Data provided
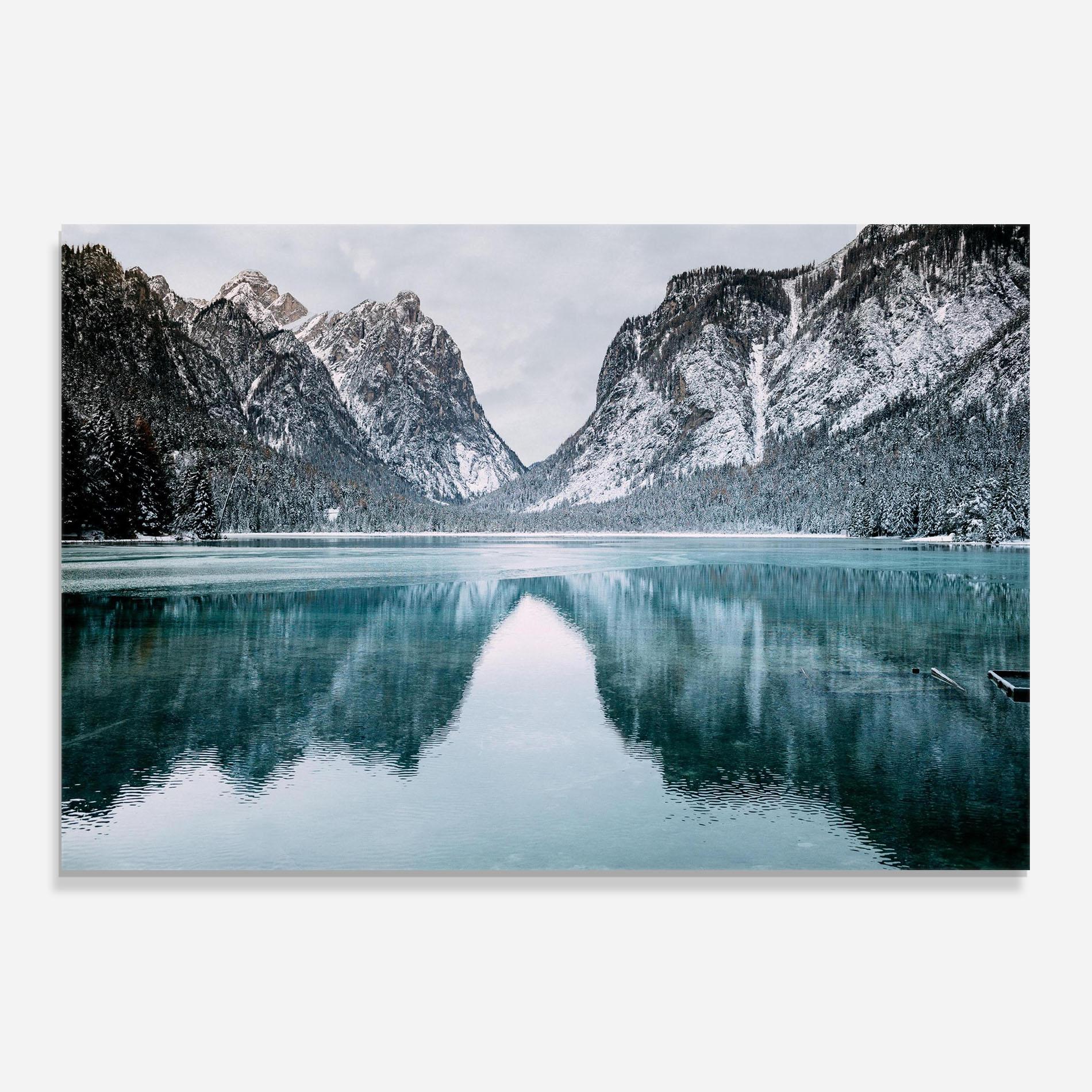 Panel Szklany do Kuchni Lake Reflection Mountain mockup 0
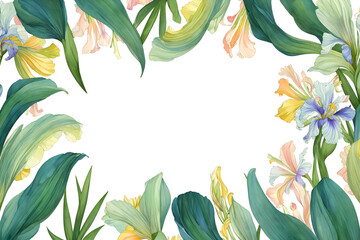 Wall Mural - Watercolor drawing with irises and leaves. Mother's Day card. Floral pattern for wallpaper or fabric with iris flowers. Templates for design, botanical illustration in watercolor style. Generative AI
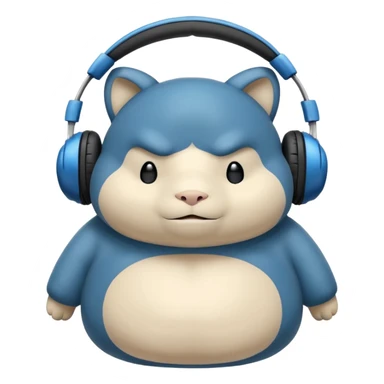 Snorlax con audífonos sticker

What is needed
Give the data again exactly as it appears, but without any images.

Problem solution
 Panel Szklany do Kuchni Lake Reflection Mountain mockup 0
 Wall Mural - Watercolor drawing with irises and leaves. Mother's Day card. Floral pattern for wallpaper or fabric with iris flowers. Templates for design, botanical illustration in watercolor style. Generative AI
 Snorlax con audífonos sticker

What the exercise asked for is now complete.